# How do you find the real or imaginary solutions of the equation x^3+64=0?

Nov 27, 2016

Use the sum of cubes identity to find the Real zero and a quadratic to solve and find the zeros are:

$4 \text{ }$ and $\text{ } 2 \pm 2 \sqrt{3} i$

#### Explanation:

The difference of squares identity can be written:

${a}^{2} - {b}^{2} = \left(a - b\right) \left(a + b\right)$

We use this later with $a = \left(x - 2\right)$ and $b = \sqrt{- 12} = 2 \sqrt{3} i$, but first...
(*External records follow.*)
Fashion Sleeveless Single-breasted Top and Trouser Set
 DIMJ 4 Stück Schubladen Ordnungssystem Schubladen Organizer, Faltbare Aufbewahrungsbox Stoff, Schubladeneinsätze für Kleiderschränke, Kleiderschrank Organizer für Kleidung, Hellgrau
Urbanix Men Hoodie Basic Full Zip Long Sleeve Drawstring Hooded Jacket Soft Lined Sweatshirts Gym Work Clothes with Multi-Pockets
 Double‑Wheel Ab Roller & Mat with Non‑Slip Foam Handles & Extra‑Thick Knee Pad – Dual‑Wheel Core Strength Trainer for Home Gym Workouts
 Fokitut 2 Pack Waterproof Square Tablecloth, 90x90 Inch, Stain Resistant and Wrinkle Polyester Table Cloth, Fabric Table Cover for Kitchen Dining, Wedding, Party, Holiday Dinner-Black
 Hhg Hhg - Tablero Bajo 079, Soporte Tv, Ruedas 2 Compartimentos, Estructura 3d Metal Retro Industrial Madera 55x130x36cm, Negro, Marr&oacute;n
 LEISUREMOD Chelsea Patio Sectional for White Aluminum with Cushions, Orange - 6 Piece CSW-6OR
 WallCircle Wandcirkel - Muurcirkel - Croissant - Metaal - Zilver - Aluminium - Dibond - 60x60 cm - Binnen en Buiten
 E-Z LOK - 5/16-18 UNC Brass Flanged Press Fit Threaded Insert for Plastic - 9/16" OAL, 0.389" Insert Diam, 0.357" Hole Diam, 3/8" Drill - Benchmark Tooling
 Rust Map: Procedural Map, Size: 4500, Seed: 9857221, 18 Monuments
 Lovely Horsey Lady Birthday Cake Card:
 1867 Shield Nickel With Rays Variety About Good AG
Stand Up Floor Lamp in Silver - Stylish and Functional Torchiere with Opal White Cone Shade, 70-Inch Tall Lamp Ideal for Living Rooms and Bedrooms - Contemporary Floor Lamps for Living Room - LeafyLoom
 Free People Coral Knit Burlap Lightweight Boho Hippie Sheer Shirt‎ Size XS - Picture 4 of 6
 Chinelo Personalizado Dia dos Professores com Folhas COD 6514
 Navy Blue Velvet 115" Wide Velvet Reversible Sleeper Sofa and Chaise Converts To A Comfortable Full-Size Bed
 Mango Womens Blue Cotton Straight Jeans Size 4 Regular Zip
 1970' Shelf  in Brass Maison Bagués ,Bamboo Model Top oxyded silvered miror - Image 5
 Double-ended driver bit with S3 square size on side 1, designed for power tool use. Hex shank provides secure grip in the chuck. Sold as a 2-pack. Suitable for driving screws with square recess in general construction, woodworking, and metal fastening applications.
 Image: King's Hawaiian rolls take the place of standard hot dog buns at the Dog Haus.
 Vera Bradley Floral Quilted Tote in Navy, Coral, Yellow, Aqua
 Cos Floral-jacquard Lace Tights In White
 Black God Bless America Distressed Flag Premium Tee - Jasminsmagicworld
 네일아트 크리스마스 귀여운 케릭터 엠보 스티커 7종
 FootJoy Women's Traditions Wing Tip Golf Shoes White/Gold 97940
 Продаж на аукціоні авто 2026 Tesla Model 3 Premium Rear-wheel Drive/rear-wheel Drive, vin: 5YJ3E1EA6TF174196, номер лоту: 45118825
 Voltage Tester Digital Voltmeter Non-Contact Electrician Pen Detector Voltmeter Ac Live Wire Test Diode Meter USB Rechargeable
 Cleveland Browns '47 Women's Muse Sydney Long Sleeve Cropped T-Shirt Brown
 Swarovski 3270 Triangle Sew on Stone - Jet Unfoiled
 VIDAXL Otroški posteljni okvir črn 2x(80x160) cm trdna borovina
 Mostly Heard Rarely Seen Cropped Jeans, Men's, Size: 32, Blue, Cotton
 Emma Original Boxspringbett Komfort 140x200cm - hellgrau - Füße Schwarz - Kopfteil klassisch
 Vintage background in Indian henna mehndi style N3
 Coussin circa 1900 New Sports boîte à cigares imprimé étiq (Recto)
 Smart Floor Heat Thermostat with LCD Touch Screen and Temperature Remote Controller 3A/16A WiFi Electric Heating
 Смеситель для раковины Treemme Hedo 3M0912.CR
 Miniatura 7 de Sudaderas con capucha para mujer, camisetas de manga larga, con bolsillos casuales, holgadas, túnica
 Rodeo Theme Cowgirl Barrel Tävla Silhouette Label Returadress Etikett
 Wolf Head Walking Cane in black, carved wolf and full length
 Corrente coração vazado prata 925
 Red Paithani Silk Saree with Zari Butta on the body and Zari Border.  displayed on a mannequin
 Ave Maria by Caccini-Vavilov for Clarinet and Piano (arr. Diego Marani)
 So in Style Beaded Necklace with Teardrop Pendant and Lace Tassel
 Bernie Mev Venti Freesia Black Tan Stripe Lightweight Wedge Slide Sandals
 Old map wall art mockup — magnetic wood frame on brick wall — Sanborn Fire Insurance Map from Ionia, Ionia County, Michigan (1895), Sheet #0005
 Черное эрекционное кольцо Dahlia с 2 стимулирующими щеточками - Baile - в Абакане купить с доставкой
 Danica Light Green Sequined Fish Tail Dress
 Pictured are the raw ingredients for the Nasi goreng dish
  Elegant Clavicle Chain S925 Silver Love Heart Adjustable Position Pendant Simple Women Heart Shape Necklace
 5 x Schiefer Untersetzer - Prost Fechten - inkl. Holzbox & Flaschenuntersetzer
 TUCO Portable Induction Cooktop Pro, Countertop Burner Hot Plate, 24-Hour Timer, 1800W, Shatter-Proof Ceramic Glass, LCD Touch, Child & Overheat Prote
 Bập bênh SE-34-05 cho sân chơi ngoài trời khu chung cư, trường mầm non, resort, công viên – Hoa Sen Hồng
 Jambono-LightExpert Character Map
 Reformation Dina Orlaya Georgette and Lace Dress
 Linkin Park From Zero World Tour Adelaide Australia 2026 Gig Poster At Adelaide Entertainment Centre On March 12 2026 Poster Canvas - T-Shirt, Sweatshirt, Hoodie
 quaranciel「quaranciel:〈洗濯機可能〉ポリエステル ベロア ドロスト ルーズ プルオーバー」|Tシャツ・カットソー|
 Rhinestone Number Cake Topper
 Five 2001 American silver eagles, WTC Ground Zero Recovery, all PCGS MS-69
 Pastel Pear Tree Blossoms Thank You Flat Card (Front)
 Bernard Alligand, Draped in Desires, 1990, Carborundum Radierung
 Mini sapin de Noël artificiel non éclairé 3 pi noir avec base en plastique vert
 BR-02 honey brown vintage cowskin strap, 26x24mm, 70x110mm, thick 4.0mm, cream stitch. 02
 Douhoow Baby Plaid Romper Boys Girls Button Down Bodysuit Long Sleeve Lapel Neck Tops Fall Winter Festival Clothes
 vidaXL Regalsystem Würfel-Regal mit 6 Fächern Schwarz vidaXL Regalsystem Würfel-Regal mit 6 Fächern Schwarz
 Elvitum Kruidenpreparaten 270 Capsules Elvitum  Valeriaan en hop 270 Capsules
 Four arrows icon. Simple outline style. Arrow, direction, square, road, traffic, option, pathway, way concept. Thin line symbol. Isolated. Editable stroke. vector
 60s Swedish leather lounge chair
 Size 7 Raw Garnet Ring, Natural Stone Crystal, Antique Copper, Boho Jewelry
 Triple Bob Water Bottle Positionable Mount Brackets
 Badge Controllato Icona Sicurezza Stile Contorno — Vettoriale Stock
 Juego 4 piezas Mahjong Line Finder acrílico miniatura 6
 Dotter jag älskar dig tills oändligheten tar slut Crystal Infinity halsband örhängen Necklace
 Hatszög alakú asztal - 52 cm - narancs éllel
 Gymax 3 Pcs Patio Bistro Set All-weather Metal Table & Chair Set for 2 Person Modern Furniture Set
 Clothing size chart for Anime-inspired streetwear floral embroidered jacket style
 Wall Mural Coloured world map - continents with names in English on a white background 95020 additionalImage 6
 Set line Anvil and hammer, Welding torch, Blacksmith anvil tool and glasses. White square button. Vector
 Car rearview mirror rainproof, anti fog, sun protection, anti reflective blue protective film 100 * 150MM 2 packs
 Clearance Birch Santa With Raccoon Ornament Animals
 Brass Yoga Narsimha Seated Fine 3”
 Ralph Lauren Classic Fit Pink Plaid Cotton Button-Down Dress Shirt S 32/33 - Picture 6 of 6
The sum of cubes identity can be written:

${a}^{3} + {b}^{3} = \left(a + b\right) \left({a}^{2} - a b + {b}^{2}\right)$

Note that ${x}^{3}$ and $64 = {4}^{3}$ are both perfect squares, so the sub of cubes identity applies directly:

${x}^{3} + 64 = {x}^{3} + {4}^{3}$

$\textcolor{w h i t e}{{x}^{3} + 64} = \left(x + 4\right) \left({x}^{2} - 4 x + 16\right)$

We can factor the quadratic by completing the square:

${x}^{2} - 4 x + 16 = {x}^{2} - 4 x + 4 + 12$

$\textcolor{w h i t e}{{x}^{2} - 4 x + 16} = {\left(x - 2\right)}^{2} - {\left(2 \sqrt{3} i\right)}^{2}$

$\textcolor{w h i t e}{{x}^{2} - 4 x + 16} = \left(\left(x - 2\right) - 2 \sqrt{3} i\right) \left(\left(x - 2\right) + 2 \sqrt{3} i\right)$

$\textcolor{w h i t e}{{x}^{2} - 4 x + 16} = \left(x - 2 - 2 \sqrt{3} i\right) \left(x - 2 + 2 \sqrt{3} i\right)$

Hence the zeros of ${x}^{3} + 64$ are:

$4 \text{ }$ and $\text{ } 2 \pm 2 \sqrt{3} i$